The Great American Transit Disaster

The Great American Transit Disaster
Author: Nicholas Dagen Bloom
Publsiher: University of Chicago Press
Total Pages: 364
Release: 2023-05-03
Genre: History
ISBN: 9780226824413

Download The Great American Transit Disaster Book in PDF, Epub and Kindle

A potent re-examination of America’s history of public disinvestment in mass transit. Many a scholar and policy analyst has lamented American dependence on cars and the corresponding lack of federal investment in public transportation throughout the latter decades of the twentieth century. But as Nicholas Dagen Bloom shows in The Great American Transit Disaster, our transit networks are so bad for a very simple reason: we wanted it this way. Focusing on Baltimore, Atlanta, Chicago, Detroit, Boston, and San Francisco, Bloom provides overwhelming evidence that transit disinvestment was a choice rather than destiny. He pinpoints three major factors that led to the decline of public transit in the United States: municipal austerity policies that denied most transit agencies the funding to sustain high-quality service; the encouragement of auto-centric planning; and white flight from dense city centers to far-flung suburbs. As Bloom makes clear, these local public policy decisions were not the product of a nefarious auto industry or any other grand conspiracy—all were widely supported by voters, who effectively shut out options for transit-friendly futures. With this book, Bloom seeks not only to dispel our accepted transit myths but hopefully to lay new tracks for today’s conversations about public transportation funding.

The Great American Transit Disaster

The Great American Transit Disaster
Author: Nicholas Dagen Bloom
Publsiher: University of Chicago Press
Total Pages: 364
Release: 2023-05-03
Genre: History
ISBN: 9780226824406

Download The Great American Transit Disaster Book in PDF, Epub and Kindle

"One of the most enduring American urban myths concerns the death of the Red Car Trolley, an extensive and equitable system in Los Angeles County that some say was weakened and then eradicated by US car manufacturers.
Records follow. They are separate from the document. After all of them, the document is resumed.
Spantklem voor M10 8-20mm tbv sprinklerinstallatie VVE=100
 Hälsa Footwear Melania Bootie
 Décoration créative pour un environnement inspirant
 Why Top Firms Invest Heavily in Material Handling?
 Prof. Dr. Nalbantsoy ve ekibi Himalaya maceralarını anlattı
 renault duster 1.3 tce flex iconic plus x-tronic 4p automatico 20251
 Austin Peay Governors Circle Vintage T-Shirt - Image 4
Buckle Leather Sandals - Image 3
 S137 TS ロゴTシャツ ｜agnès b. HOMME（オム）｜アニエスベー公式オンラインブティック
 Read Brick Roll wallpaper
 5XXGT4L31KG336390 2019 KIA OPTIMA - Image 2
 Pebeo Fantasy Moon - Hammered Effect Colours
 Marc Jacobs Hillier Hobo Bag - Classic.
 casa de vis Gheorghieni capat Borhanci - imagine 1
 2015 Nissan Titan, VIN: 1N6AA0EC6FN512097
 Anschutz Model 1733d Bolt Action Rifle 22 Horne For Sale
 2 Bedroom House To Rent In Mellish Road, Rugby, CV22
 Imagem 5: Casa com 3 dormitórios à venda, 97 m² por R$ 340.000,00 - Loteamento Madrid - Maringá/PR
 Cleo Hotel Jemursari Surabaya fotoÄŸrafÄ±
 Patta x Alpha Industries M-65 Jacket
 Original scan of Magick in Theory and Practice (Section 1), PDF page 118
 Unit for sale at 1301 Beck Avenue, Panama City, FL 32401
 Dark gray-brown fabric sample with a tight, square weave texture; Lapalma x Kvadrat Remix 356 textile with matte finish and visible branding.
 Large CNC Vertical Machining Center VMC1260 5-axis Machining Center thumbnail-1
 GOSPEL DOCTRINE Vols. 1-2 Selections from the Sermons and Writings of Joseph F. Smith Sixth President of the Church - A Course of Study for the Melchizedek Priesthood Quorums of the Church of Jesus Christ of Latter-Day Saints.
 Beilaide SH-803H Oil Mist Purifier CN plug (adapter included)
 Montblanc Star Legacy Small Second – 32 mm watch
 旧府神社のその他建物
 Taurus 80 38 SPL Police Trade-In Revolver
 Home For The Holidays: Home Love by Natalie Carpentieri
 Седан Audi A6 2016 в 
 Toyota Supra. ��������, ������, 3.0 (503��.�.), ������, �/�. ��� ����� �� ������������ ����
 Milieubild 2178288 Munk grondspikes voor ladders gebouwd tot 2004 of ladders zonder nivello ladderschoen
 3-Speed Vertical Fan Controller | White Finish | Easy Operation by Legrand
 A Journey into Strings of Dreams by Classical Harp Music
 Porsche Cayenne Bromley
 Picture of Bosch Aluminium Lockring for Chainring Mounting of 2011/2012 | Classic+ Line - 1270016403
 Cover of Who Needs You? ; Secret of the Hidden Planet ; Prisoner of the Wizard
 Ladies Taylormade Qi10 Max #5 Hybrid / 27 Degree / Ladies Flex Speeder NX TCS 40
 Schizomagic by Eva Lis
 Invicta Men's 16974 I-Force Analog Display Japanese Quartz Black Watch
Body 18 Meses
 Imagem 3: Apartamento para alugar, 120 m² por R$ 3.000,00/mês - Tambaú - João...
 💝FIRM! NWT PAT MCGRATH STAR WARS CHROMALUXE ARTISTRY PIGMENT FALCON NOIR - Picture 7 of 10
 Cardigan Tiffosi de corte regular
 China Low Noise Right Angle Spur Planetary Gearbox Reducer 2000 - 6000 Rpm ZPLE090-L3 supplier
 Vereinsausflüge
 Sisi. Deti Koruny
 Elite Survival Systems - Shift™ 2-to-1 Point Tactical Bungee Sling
Yet as Nicholas Dagen Bloom shows, an array of larger yet less tangible forces together interacted to practically murder public transportation of all kinds in cities nationwide. Most centrally, public transit collapsed because essentially we wanted it to-no conspiracy necessary. Detailing the histories of transportation in Atlanta, Baltimore, Boston, Chicago, Detroit, and San Francisco, Bloom seeks to set all of our transit myths to rest for the sake not only of accuracy but in order to enrich our conversations about public transportation funding today"--

The Implosion of Public Transit and the Case for an Infinite Game

The Implosion of Public Transit and the Case for an Infinite Game
Author: Khaled Jamil Shammout
Publsiher: Unknown
Total Pages: 114
Release: 2021-04-24
Genre: Electronic Book
ISBN: 9798733746876

Download The Implosion of Public Transit and the Case for an Infinite Game Book in PDF, Epub and Kindle

As cities grapple with traffic congestion, parking, and air quality, the survival of effective public transit is a growing concern for elected officials and urban planners. No amount of clever marketing or freeway expansion can remedy a situation that has been developing for decades. In The Implosion of Public Transit and the Case for an Infinite Game, Khaled Shammout argues that transit agencies face an existential crisis that can be addressed only through a fundamental re-imagining of their purpose, planning, and day-to-day operations. Drawing on more than 26 years' experience as a transit professional, Shammout explains how an expanded sense of mission and targeted use of both existing and emerging technologies can save the nation's mass transportation systems. In a style accessible to transit professionals and casual readers alike, he maps a way to a sustainable operational model that can produce better service that increases ridership and actually builds healthier communities.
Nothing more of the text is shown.